South Africa is an unusually appetising opportunity. Not only is it an interesting market in its own right, but it represents a beachhead for the continent — a modernised country where renewables companies can set up shop, make a name for themselves, then advance on the rest of sub-Saharan Africa.

“We’re not here just for South Africa,” Brun says. “We’re here for the region.

“We’re having discussions in Namibia, Angola, Ghana, Tanzania and Kenya. Maybe they won’t move at a huge scale, and maybe not tomorrow, but project by project you start to collect an interesting pipeline.”

In contrast to the industry’s gigawatts-minded attitude towards South Africa, the government is focused on one thing only: jobs. It is desperate for new generation capa­city, and genuine in its desire to ­lower its carbon emissions, but ­everything takes a back seat to economic growth and poverty ­alleviation.

“This is a tension that will crop up again and again in developing countries,” says ­Lettemieke Mulder, director of non-­governmental organisation and community relations for First Solar. “Is the aim to achieve maximum gigawatts on the ground, or to create as many jobs as possible? You can pursue both at the same time, but inevitably one takes precedence over the other.”

Like many governments, such as India with its National Solar Mission, South Africa has chosen to achieve its jobs-creation goal through the use of local-content rules at renewables projects.

However, South Africa has the added complication of its controversial Black Economic Empowerment (BEE) programme, launched after the fall of apartheid to redress the gaping economic inequalities between different ethnic groups.

BEE mandates that all large businesses must meet certain requirements for minority ownership and employment — a particularly onerous challenge for foreign developers and equipment suppliers.

The local-content threshold for the first renewables tender was about 25%, with PV given a slightly higher target since it is relatively easy to make inverters and racking systems locally.

While the government has made clear that the thresholds will be raised in the future, it has been vague about the specifics.

Most renewables companies say the existing targets are realistic, but they caution that lifting them too quickly would be counterproductive — and may, perversely, drive investment away.

“I’m all for increasing local content when possible,” says Duncan Ayling, head of development for RES Southern Africa. “But if it gets to the point where companies can’t find the parts and services they need, or find they are forced into using less-proven technology and thereby compromising on health and safety, then you’re just tying the industry’s hands behind its back at a make-or-break moment.”

Denmark’s LM Wind Power is understood to be planning a blade factory in South Africa.

Five foreign turbine makers — Nordex, Vestas, Siemens, Suzlon and Sinovel — have their names attached to winning first-round wind projects.
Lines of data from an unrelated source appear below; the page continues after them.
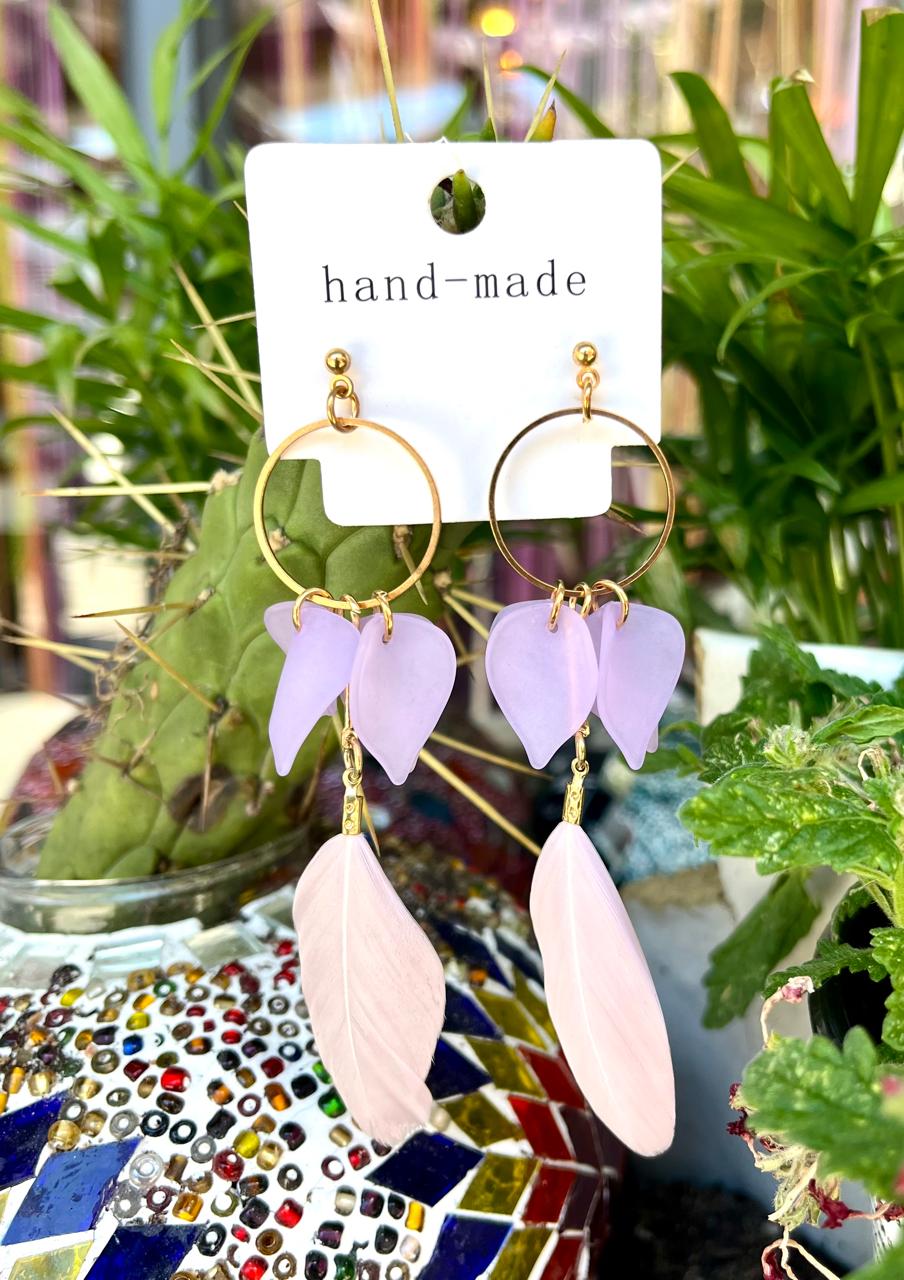 Feather & Shell Earings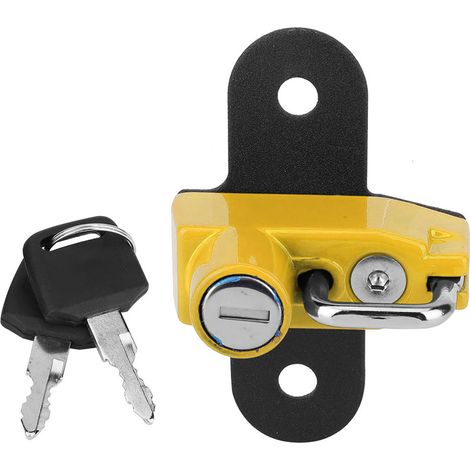 Support de verrouillage casque en alliage d'aluminium pour Suzuki V-Strom 250 2017+ (Jaune) crochet de montage moto (1/5)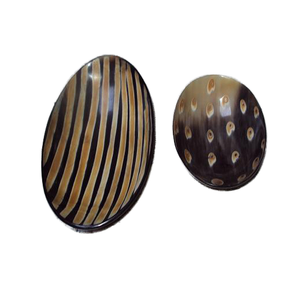 ชามฮอร์นวัวธรรมชาติแกะสลักกันน้ำสำหรับตกแต่งโต๊ะบ้านโรงแรมร้านอาหารเครื่องครัวสัตว์แท้ - Product Image 1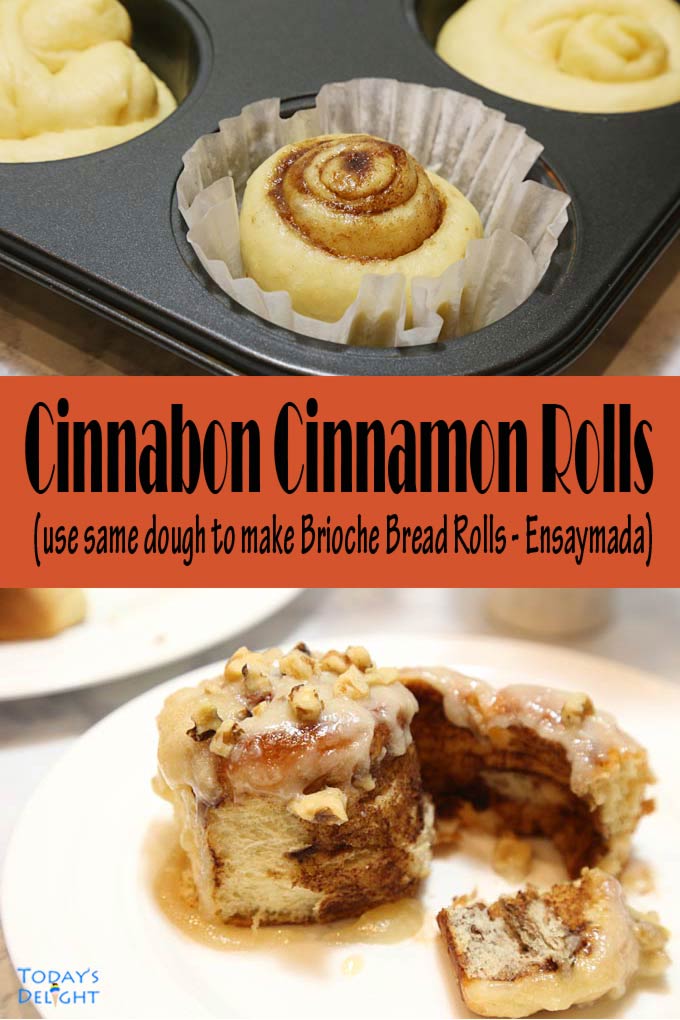 Sweet bread roll in plate.
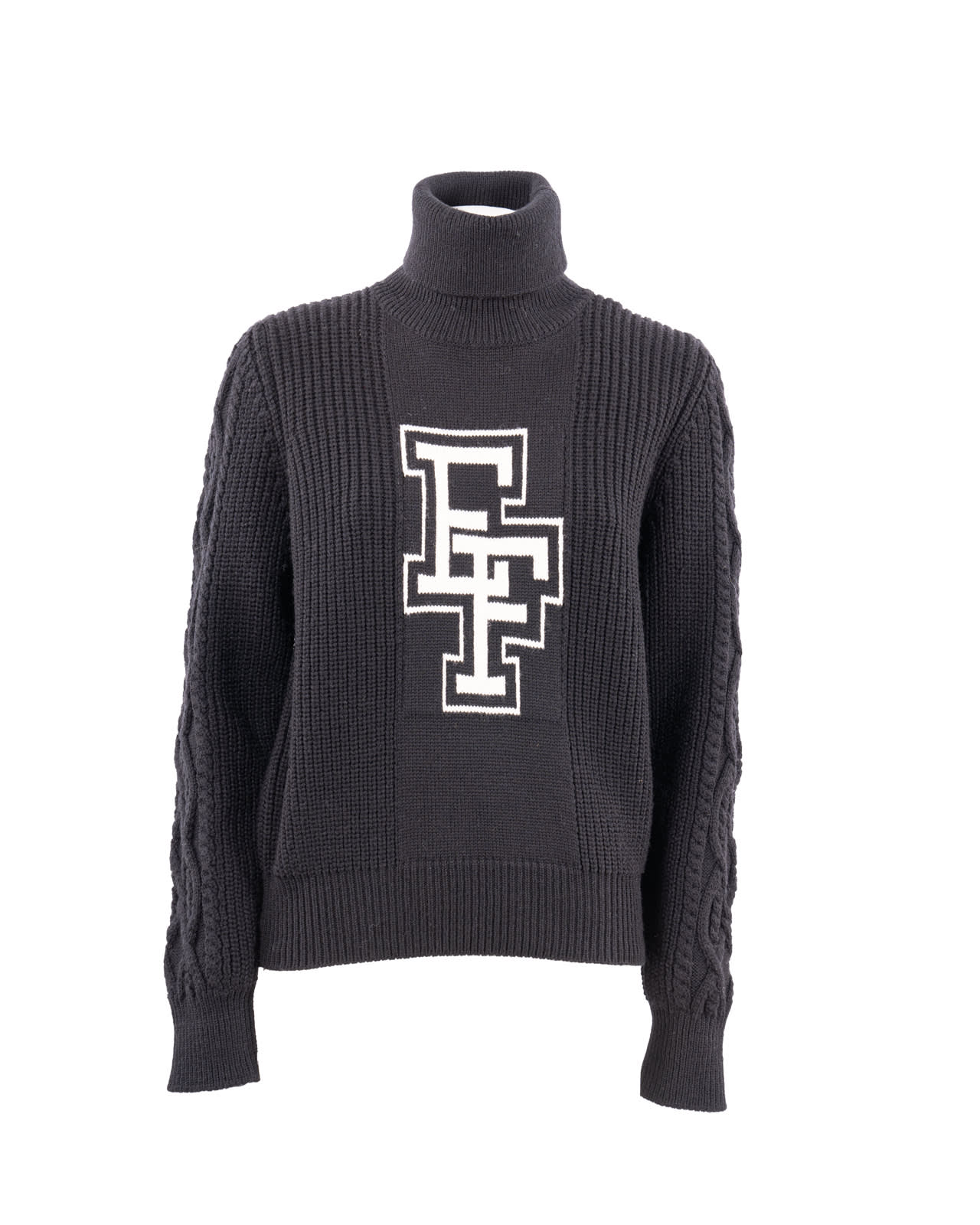 Shop Elisabetta Franchi Sweaters Black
But with an estimated annual wind market of about 400MW until 2030, sources say South Africa probably does not have the scale to lure a turbine factory of its own, regardless of what turbine makers may be telling the ­government.

As for PV, the global market is already grossly oversupplied, and it is unlikely that a new South African factory would be able to compete on price alone.

“Some of the best module factories in the world are shutting down in the US and China because of Chinese competition,” notes Christopher Clarke, a director at South African investment fund Inspired Evolution. “As much as the government’s intentions are good, the reality is these things are commodities now, and if you’re not in at the right price you’re going to be dead in the water before you even get off the starting block.”

There is too much emphasis on local-content rules when, in reality, jobs will come if the local market takes off, Clarke adds.